Monday, 13 May
Support for carers
On Sunday I was pleased to see media coverage of the
RCGP’s call for more support for carers. Our GP colleagues say
carers should have routine appointments and checks for depression
and other mental health problems. Although this is good to hear,
the challenge is more than just helping carers maintain good mental
and physical health. Will all the other support services they need
be adequately resourced to help make high quality care in the
community fact, rather than mantra? Last week I blogged about the
Queen’s Speech, and hopefully some positives will come out of that
for those with mental illness and their carers.
Celebrations in Northern Ireland
At the end of last week, I had the privilege of being part of
the 10-year celebration of RCPsych in Northern
Ireland. The conference was held beside the beautiful Mourne
Mountains. In my clinical life, I have spent more than 30 years
visiting Northern Ireland to work with child services and their
complex, high risk young people. This visit reminded me that I have
seen many changes there, through both troubled and good times.
The impact of their major health review, Bamford, is certainly
now to be seen. Northern Ireland is facing the same challenges as
in the rest of the UK – balancing the delivery of intensive
community-based services and public mental health prevention,
whilst improving the fabric and capacity of inpatient services for
those who require them.
The RCPsych in Northern Ireland is a close-knit, thriving family
– and meeting their many new members showed me that they are facing
a very secure future. The health minister,
Edwin Poots, addressed the meeting and was rightly praising of
all that the College has achieved – thanks in no small part to the
College staff over in the Divisional office, led by Nora
McNairney.
We enjoyed many good presentations at the meeting, covering all
ages and aspects of psychiatry. Creativity emerged as a key theme,
through academic discussions, conversations and social events. It
was particularly good to hear from a social media expert that
blogging is an effective way of communicating. He was also very
positive about the @rcpsych Twitter feed, where we aim to send out
positive, informative messages about mental health and psychiatry,
and engage in discussion.
The meeting was also an opportunity to bid
farewell to Dr Philip McGarry, who has chaired the Division for the
last four years and done a fantastic job. Although we are sad to
see him go, I am very pleased to welcome the incoming Chair, Dr
Diana Day-Cody.
Troubled waters
At the end of this week, I will fly to San
Francisco for the 2013
Annual Meeting of the American Psychiatric Association. The
meeting will be hit by the storms that are already building up
around the launch of DSM-5.
The fifth version of the DSM has already
received extensive media coverage here in the UK, with many people
using its imminent publication to raise concerns about psychiatry
and the classification and diagnosis of mental illness. Whatever
your personal views of DSM-5, my concern is that its publication is
providing the focus for ill-informed psychiatry bashing. In some
areas, this is being turned into a ‘turf war’ between psychiatrists
and psychologists.
But these arguments are distracting us from
the real challenge – which is providing high-quality mental health
services and treatment to patients and carers. At this time, we
should all be immersed in advising on the new commissioning changes
in England, and celebrating advances in neuro and social science
research.
The issue of diagnosis and classification was
raised at a recent meeting of our Service User and Carer Forums,
and I was interested to hear their thoughts. “I like my label – I
know what I’m up against” was one of the comments. There was a
general feeling that receiving a diagnosis can be difficult to
accept – but that it can also be helpful and bring about a better
understanding of how to manage the illness. Some people also
recognised the importance of diagnosis organisations (such as
Depression Alliance and Bipolar UK) in offering hope, mutual
support, and an opportunity to share experience and knowledge.

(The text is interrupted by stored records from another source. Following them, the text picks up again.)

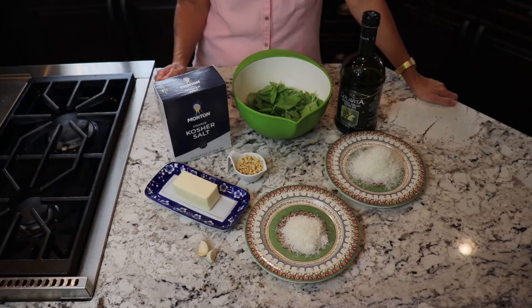I first had pesto in Florence and when I tasted it I thought it was divine. Now pesto is a staple in the United States. You can buy it in the grocery store, but once you try this recipe you'll never want the grocery store pesto again. At the end of summer I have huge basil plants, so pesto is the perfect thing to make. Let's go over the ingredients we need.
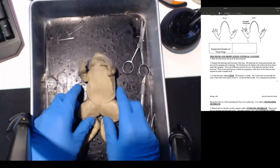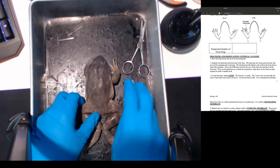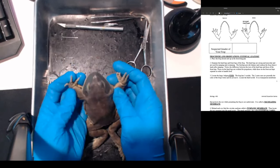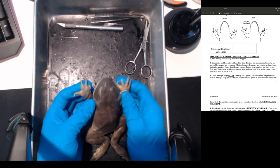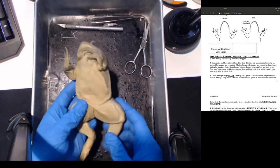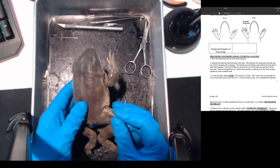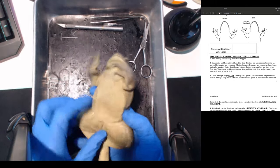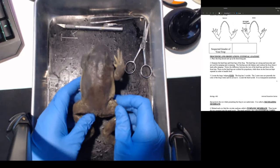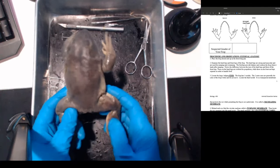We're going to put the frog here with the dorsal side up - so this is the back, that's your dorsal side. Frogs are amphibians, and you can see their skin texture is very different from a reptile. Frogs absorb moisture through their skin. They're amphibians because they have two lives - born in the water and they can also live on land.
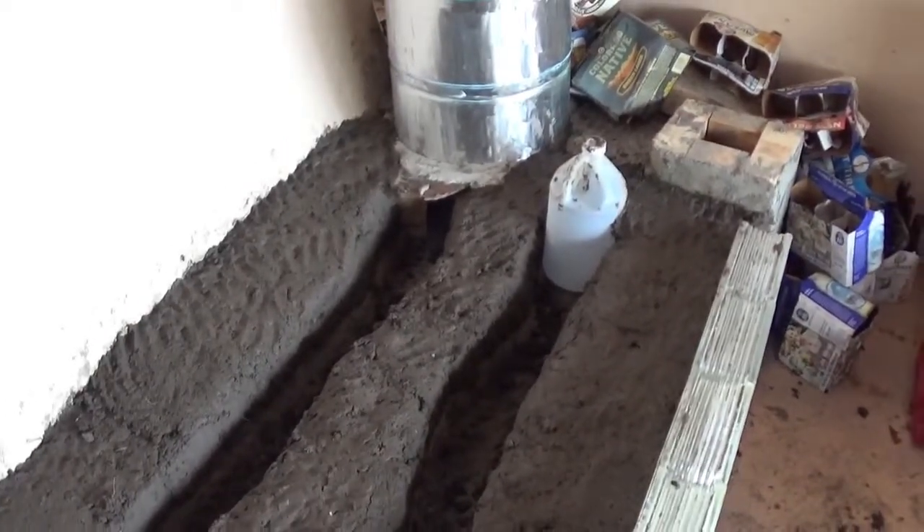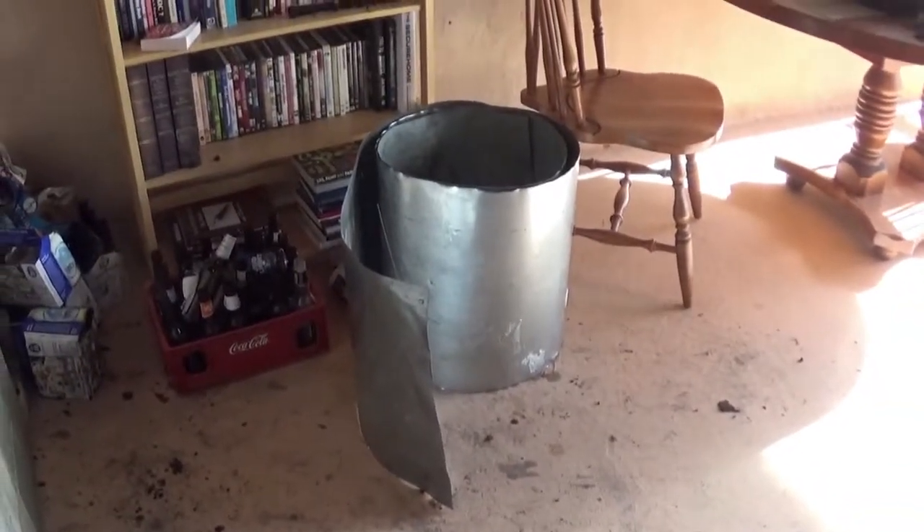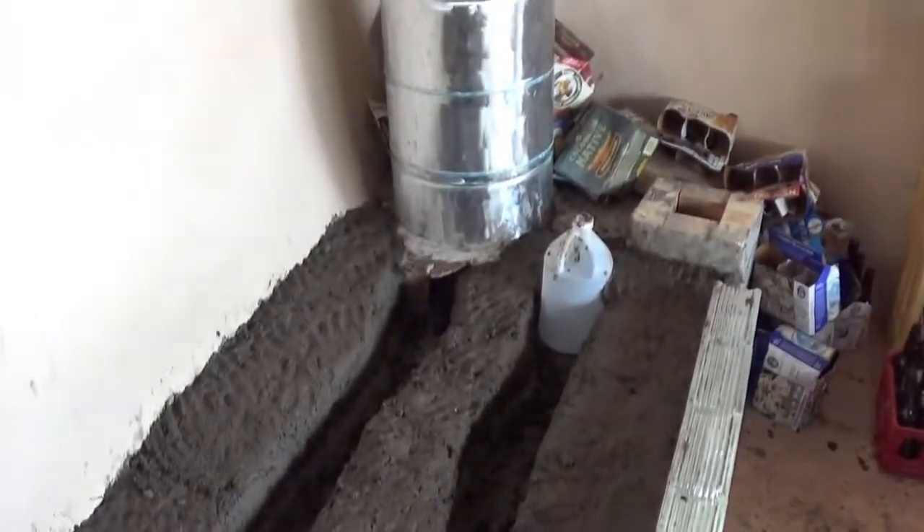I got one more layer to do, getting ready to put down the metal over the trench, and then one more layer and it should be complete. I'll give you an update when we're done.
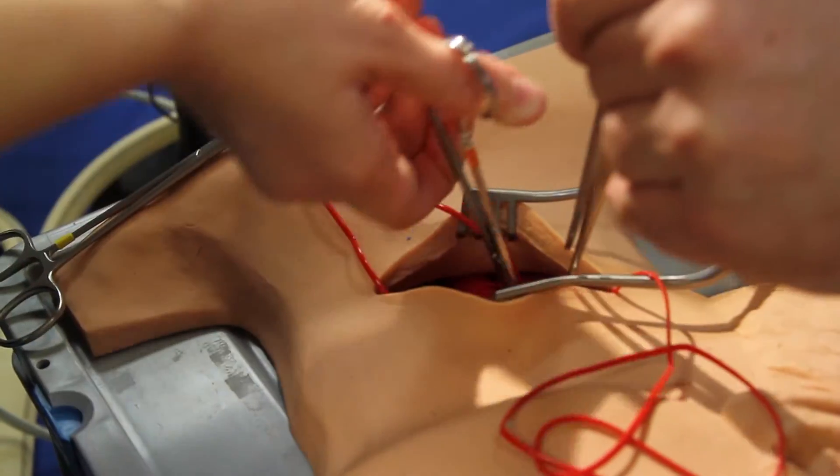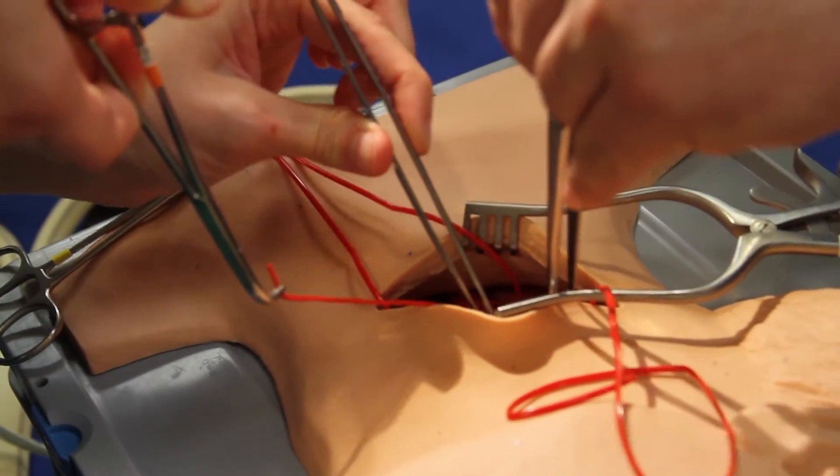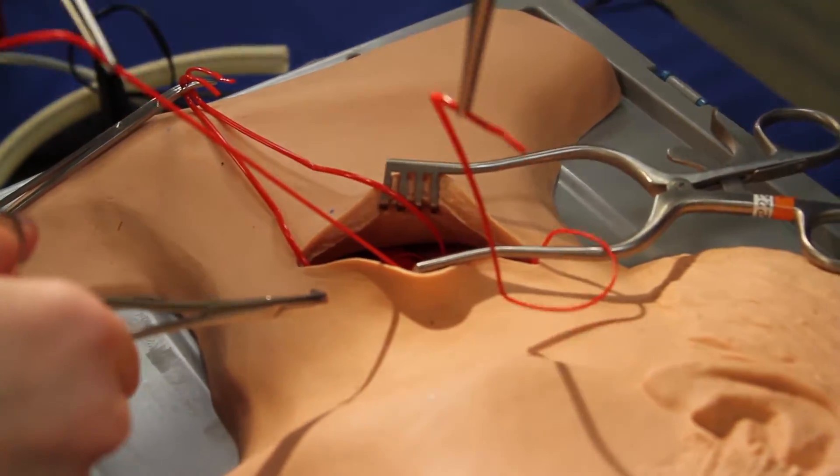At this station, we're practicing a carotid endarterectomy. We've put a silastic loop around the common carotid artery to practice the technique for ligating it, and we're about to practice again with the internal carotid artery for more practice.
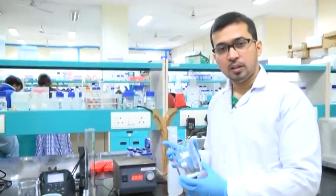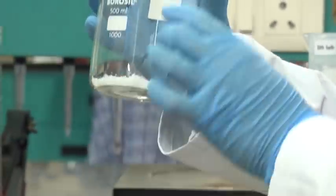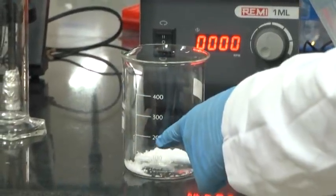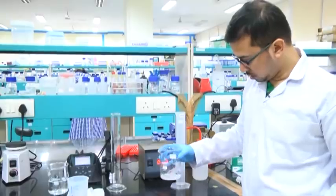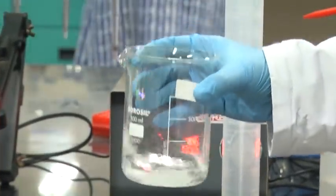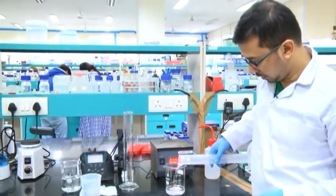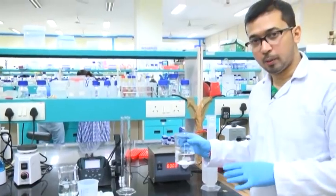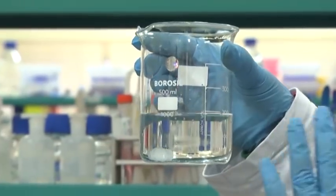Now we will dissolve the second one — sodium phosphate dibasic. Here we have taken the crystalline sodium phosphate dibasic. I will be adding around 200 ml of double distilled water. I will initially stir it gently; however, the solid components remain undissolved. So we will take it in the magnetic stirrer for dissolving.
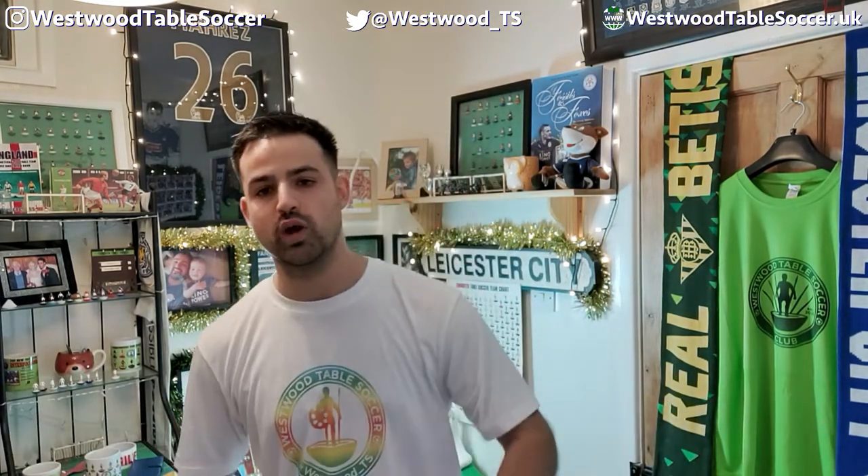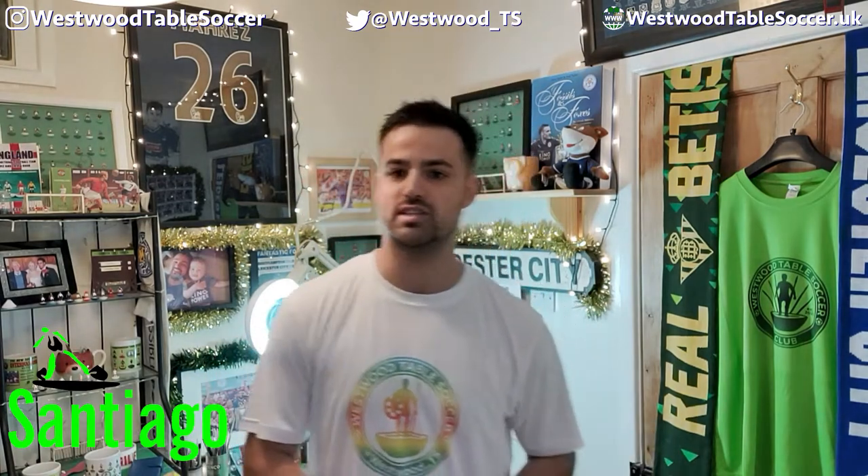I know what you're thinking — that's all well and good, Cal, but what do I need? I've got you covered. You're going to need bases, discs, figures, a box, a goalkeeper, and a rod. This series is sponsored by Santiago Table Soccer. Marcus at Santiago Table Soccer has stepped up and is giving you guys a discount on the bases, discs, box, goalkeeper, rod, and figures. For this set you're going to be able to get everything for £8.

Our College has today issued a statement on DSM and the classification of mental
illness. I would also urge you to read the
excellent opinion piece by one of our Fellows, Professor Sir
Simon Wessely, in yesterday’s Observer. As he so wisely
says: "Psychiatry is the study of the brain and the mind.
Psychiatrists look at the whole person, and indeed beyond the
person to their family and to society... Most of those who are in
the business of helping those with mental disorders will be less
concerned with what is in [DSM-5] and what is out than with the
reality of underfunded and overstretched services. The idea that we
are part of a conspiracy to medicalise normality will seem frankly
laughable as we struggle to protect services for those whose
disorders are all to evidence under any classification system."